News out today reveals that UK bankers get bigger bonuses than those in other countries. On average the typical British banker or financial professional in London received a bonus that was 5% higher than last year. Their average bonus was £85,000 – nearly four times what the average nurse earns in a year, or 8 times what someone on the minimum wage earns in a year. It is worth recording, too, that American bankers received bonuses on average 5% less than last year.
Public sector workers have had their pay frozen and face the prospect of losing their job. Research published by UNISON at the weekend found that 100,000 public sector jobs had gone in the past 6 weeks and the worst is yet to come. Benefits are cut and those on sickness or incapacity benefit dubbed as “skivers”, aided and abetted by the right-wing media.

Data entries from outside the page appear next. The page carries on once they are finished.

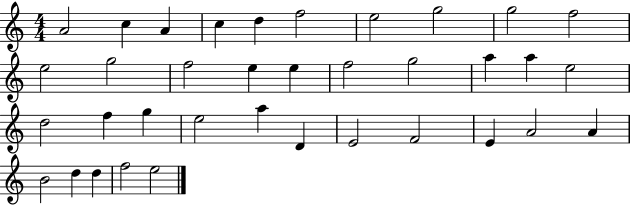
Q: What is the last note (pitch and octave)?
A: E5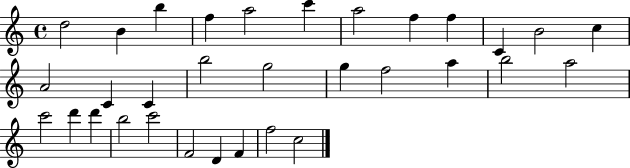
D5/h B4/q B5/q F5/q A5/h C6/q A5/h F5/q F5/q C4/q B4/h C5/q A4/h C4/q C4/q B5/h G5/h G5/q F5/h A5/q B5/h A5/h C6/h D6/q D6/q B5/h C6/h F4/h D4/q F4/q F5/h C5/h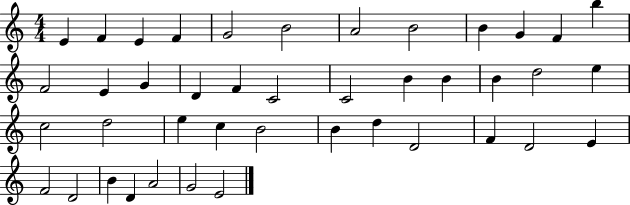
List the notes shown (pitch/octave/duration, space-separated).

E4/q F4/q E4/q F4/q G4/h B4/h A4/h B4/h B4/q G4/q F4/q B5/q F4/h E4/q G4/q D4/q F4/q C4/h C4/h B4/q B4/q B4/q D5/h E5/q C5/h D5/h E5/q C5/q B4/h B4/q D5/q D4/h F4/q D4/h E4/q F4/h D4/h B4/q D4/q A4/h G4/h E4/h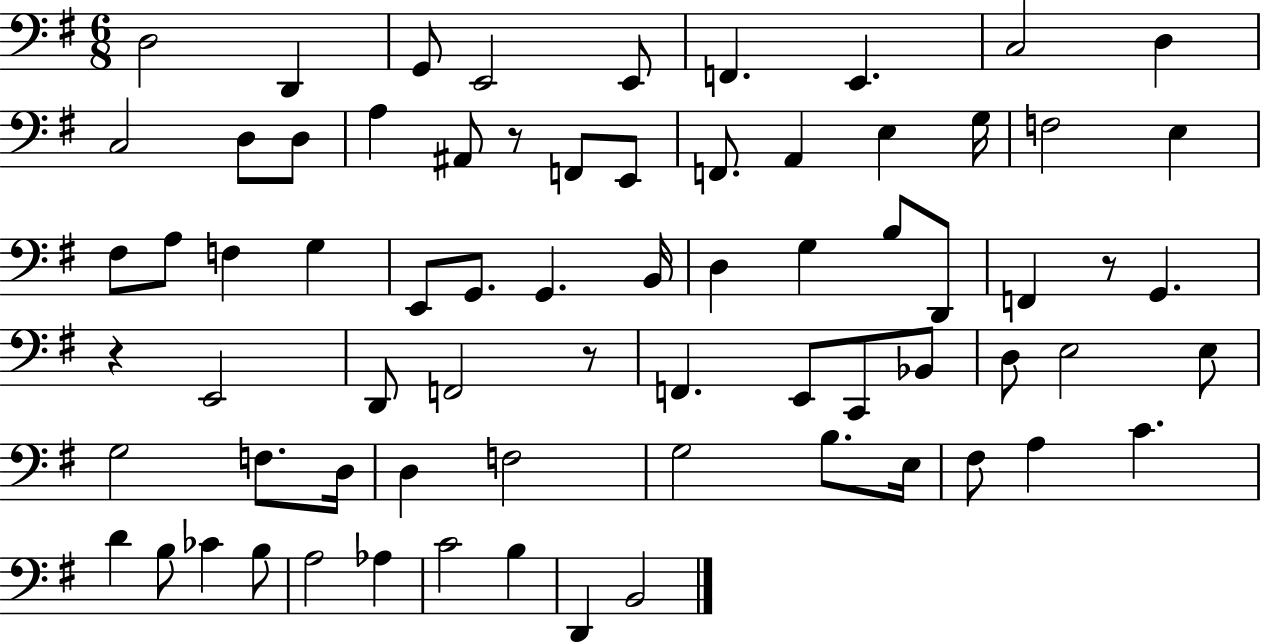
D3/h D2/q G2/e E2/h E2/e F2/q. E2/q. C3/h D3/q C3/h D3/e D3/e A3/q A#2/e R/e F2/e E2/e F2/e. A2/q E3/q G3/s F3/h E3/q F#3/e A3/e F3/q G3/q E2/e G2/e. G2/q. B2/s D3/q G3/q B3/e D2/e F2/q R/e G2/q. R/q E2/h D2/e F2/h R/e F2/q. E2/e C2/e Bb2/e D3/e E3/h E3/e G3/h F3/e. D3/s D3/q F3/h G3/h B3/e. E3/s F#3/e A3/q C4/q. D4/q B3/e CES4/q B3/e A3/h Ab3/q C4/h B3/q D2/q B2/h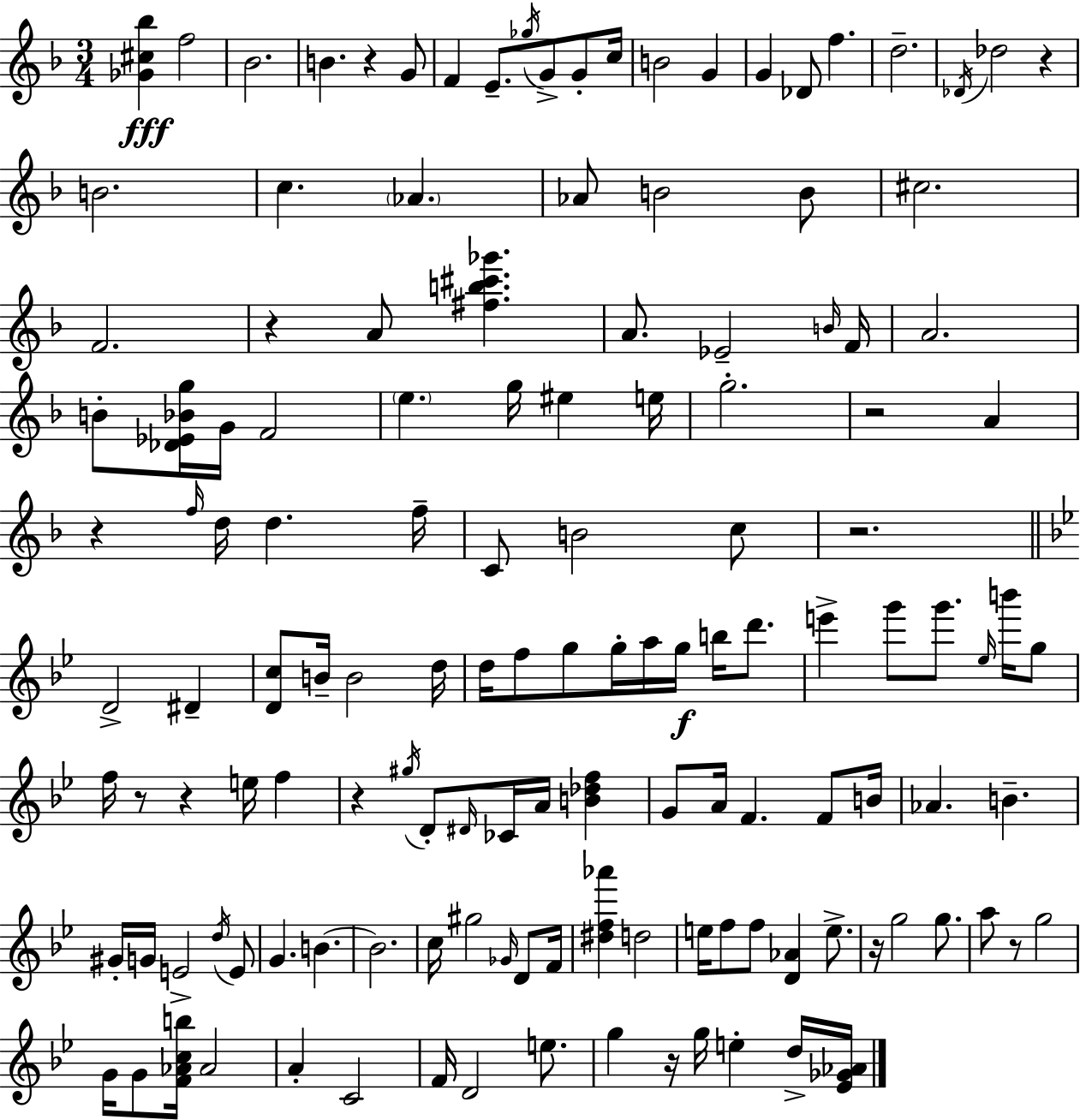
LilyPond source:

{
  \clef treble
  \numericTimeSignature
  \time 3/4
  \key f \major
  <ges' cis'' bes''>4\fff f''2 | bes'2. | b'4. r4 g'8 | f'4 e'8.-- \acciaccatura { ges''16 } g'8-> g'8-. | \break c''16 b'2 g'4 | g'4 des'8 f''4. | d''2.-- | \acciaccatura { des'16 } des''2 r4 | \break b'2. | c''4. \parenthesize aes'4. | aes'8 b'2 | b'8 cis''2. | \break f'2. | r4 a'8 <fis'' b'' cis''' ges'''>4. | a'8. ees'2-- | \grace { b'16 } f'16 a'2. | \break b'8-. <des' ees' bes' g''>16 g'16 f'2 | \parenthesize e''4. g''16 eis''4 | e''16 g''2.-. | r2 a'4 | \break r4 \grace { f''16 } d''16 d''4. | f''16-- c'8 b'2 | c''8 r2. | \bar "||" \break \key g \minor d'2-> dis'4-- | <d' c''>8 b'16-- b'2 d''16 | d''16 f''8 g''8 g''16-. a''16 g''16\f b''16 d'''8. | e'''4-> g'''8 g'''8. \grace { ees''16 } b'''16 g''8 | \break f''16 r8 r4 e''16 f''4 | r4 \acciaccatura { gis''16 } d'8-. \grace { dis'16 } ces'16 a'16 <b' des'' f''>4 | g'8 a'16 f'4. | f'8 b'16 aes'4. b'4.-- | \break gis'16-. g'16 e'2-> | \acciaccatura { d''16 } e'8 g'4. b'4.~~ | b'2. | c''16 gis''2 | \break \grace { ges'16 } d'8 f'16 <dis'' f'' aes'''>4 d''2 | e''16 f''8 f''8 <d' aes'>4 | e''8.-> r16 g''2 | g''8. a''8 r8 g''2 | \break g'16 g'8 <f' aes' c'' b''>16 aes'2 | a'4-. c'2 | f'16 d'2 | e''8. g''4 r16 g''16 e''4-. | \break d''16-> <ees' ges' aes'>16 \bar "|."
}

Unemployment figures also make grim reading – 2.5 million out of work and a sad, bleak future for many families, and young people losing hope as nearly one million (one in five) can’t find a job. And many will be deterred by the staggering debt they could face paying off if they go on to higher education. I find it incredible that the government on the one hand proclaims how absolutely imperative it is to not have debt, yet on the other, encourages a whole generation to get up to their necks in debt.
The private sector is not able to ride to the rescue; and clinging to the hope that individuals made redundant will set up small businesses and generate jobs is plain daft. Take away people’s spending power and small local businesses such as hairdressers, pubs, bars, restaurants, go under. The only people spending money are the very rich, but you won’t see them down the local Dog & Duck or in the corner shop.
And still, despite this week’s figures showing growth shuddering to a halt, with catastrophic warnings that families face the toughest times since the 1920s, this government just plods along, obsessed with “shrinking the state”, rather than doing what is best for our society.
There is another way, a better way and, dare I say it, a fairer way. And we all have to pull together to get support for that alternative. All over the country, anti-cuts groups, communities, trade unions, pensioners, students are coming together to speak out against the pernicious spending cuts. The unions are mobilising their members to show their strength of feeling and take to the streets for the TUC march on March 26th. The Labour leadership has to harness the energy and anger of a betrayed electorate and deliver blow upon blow on the government’s failing policies.